Alcohol

Alcohol jokes

Women

How do women hold their liquor? By the ears.

Adult

How do you trick a camel jockey into drinking a bottle of watermelon schnapps?

Pour watermelon seeds into a bottle of watermelon schnapps.

What’s the difference between a man and a margarita?

A margarita hits the spot every time.

If a man and a woman need a marriage license to get married, does a lesbian couple need a liquor license to get married?

I used to be emo, but I don't cut myself to solve my problems anymore.

I just drink a bunch of liquor like an adult.

Two men are sitting at a coffee table.

Mike: "I think I might have a drinking problem."

Joe: "Why do you say that?"

Mike: "Well, last week I got so drunk I blew chunks."

Joe: "That's nothing to be ashamed of; we all drink a little too much sometimes."

Mike: "No, you don't understand. Chunks is my dog's name."

Islamic pubs and bars are the worst.

You can't drink alcohol or dance.

Women can get stoned though, no questions asked.

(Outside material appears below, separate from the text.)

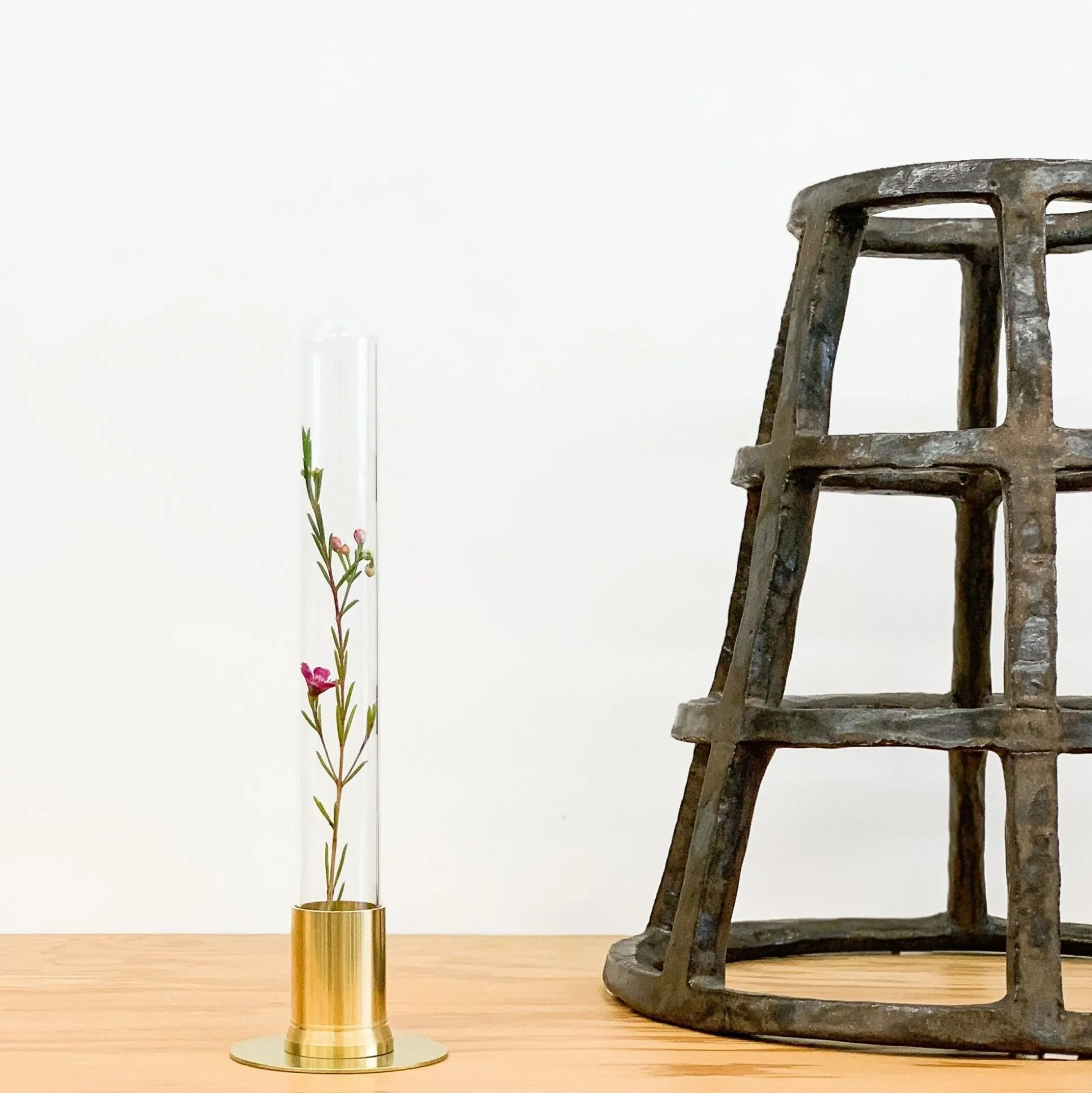 Picus Brass Terrarium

A Jew and a Jew walk into a bar. The goy says, "What do you want?" The first Jew says, "Give it alcohol." The second Jew says, "My son ran away and became Christian." Another Jew pipes in, he says, "My son too!" The bartender turns around and says, "You're not going to believe this..."

Q: What is the difference between two bottles of Whiskey and 2 pretty feminist girls?

A: You don't leave the bottles in the cold and dark forest after you and your 9 friends are finished with them.